At this point, just as I am leaving the screaming mimi for good, a boy, who could have been no older than mid-collegiate and seemed younger to me, comes running across the parking lot waving and hollering. He says, "WAIT! WAIT! ARE YOU SURE IT'S NOT THE ALARM CLOCK??" My ear drums can only bleed morosely in reply. I tell him I'm pretty sure that i-- DO YOU MIND IF I JUST CHECK?? (In order to ask these moronic questions, he has to, of course, YELL above the din.) He goes into my room where the alarm clock is situated next to the bed and just below the bone-chillingly loud smoke alarm and literally taps the alarm clock to be sure. Now fully convinced, he climbs up on the bed and yanks the smoke alarm straight off, wires fraying and all, and says, "yep, it's the smoke alarm."
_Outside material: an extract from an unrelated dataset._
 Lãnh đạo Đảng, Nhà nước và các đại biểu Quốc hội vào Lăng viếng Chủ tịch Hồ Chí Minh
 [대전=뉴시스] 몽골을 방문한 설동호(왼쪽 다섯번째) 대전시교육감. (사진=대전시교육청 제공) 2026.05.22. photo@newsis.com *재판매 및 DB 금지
I then take all 5 bags, my book, my boots, and various and sundry other items -- I have absolutely no part of my body that is not clutching, gripping, or shouldering a belonging -- and hike all the way down to the front desk in the drizzle, with one side of my boxer shorts riding up my leg, with this guy following along behind me explaining how people call him at 6 in the morning insisting the smoke alarm is going off when it's just the alarm clock and he's not even thinking twice about shouldering a bag or five, to be greeted by a girl who can hardly be 18 who apologizes and hands me a new room key and says that this boy -- "the manager," -- arrived just in time to come "help" me.
I then once again take all 5 bags, my book, my boots, and various and sundry other items -- I have absolutely no part of my body that is not clutching, gripping, or shouldering a belonging -- and hike all the way back to where the new room is slightly below my other room.
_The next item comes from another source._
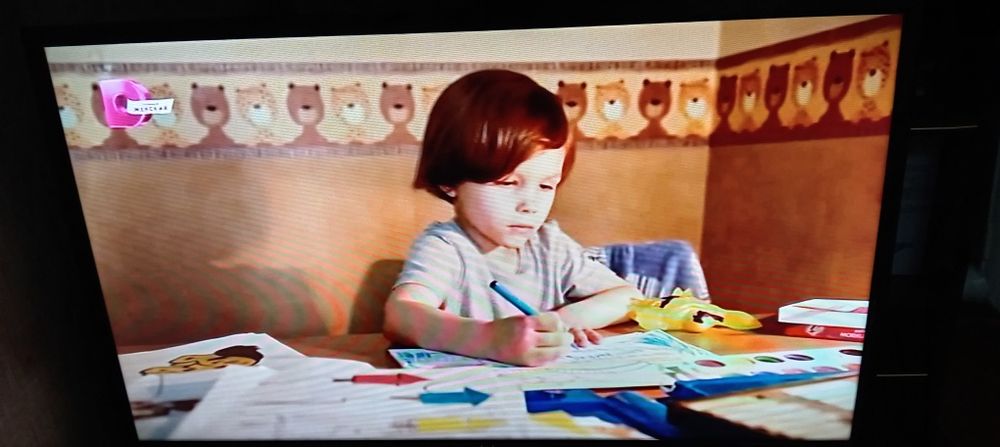 Продаётся телевизор ARTEL 32 СМАРТ.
Only to find that the key card doesn't work. It's not flashing green for go or red for no, it's flashing yellow. Yellow?? What, am I not keying the slot cautiously enough? As I am robotically sticking the key through the slot and consistently inciting the yellow light, you guessed it, the door opens, and I am greated by a rather bewildered looking young woman who is wondering what this frizzy-haired, boxer-wearing bag lady is doing on her doorstep rattling her lock at 12:45am. I give her a six word answer -- "they -- wrong room -- dial front desk?" to which she agrees and closes the door on me. Three sound-proof minutes in the drizzle later, she opens her door and says, "They're really confused. They said go back to the front desk."
I then once again take all 5 bags, my book, my boots, and various and sundry other items -- I have absolutely no part of my body that is not clutching, gripping, or shouldering a belonging -- and hike all the way back to the front desk, where the boy is ranting in Bulgarian on the phone and the girl is once again apologizing and saying no one ever tells her anything and they do this to her all the time, and all the rooms in the hotel are full except for two. The boy gets off the phone and nods at her and the girl then promises me the 'big' room, which she gives me still another new key card for, and which turns out to be right next to the room whose doorstep I was standing on.
This room, thankfully, is empty. My card works. It's the 'handicapped accessible' room, so the bathroom is twice as large. It has two warm, dry beds.
I put my stuff down and at 1am thankfully climb into the one that's NOT under the smoke alarm, and lay me down to sleep.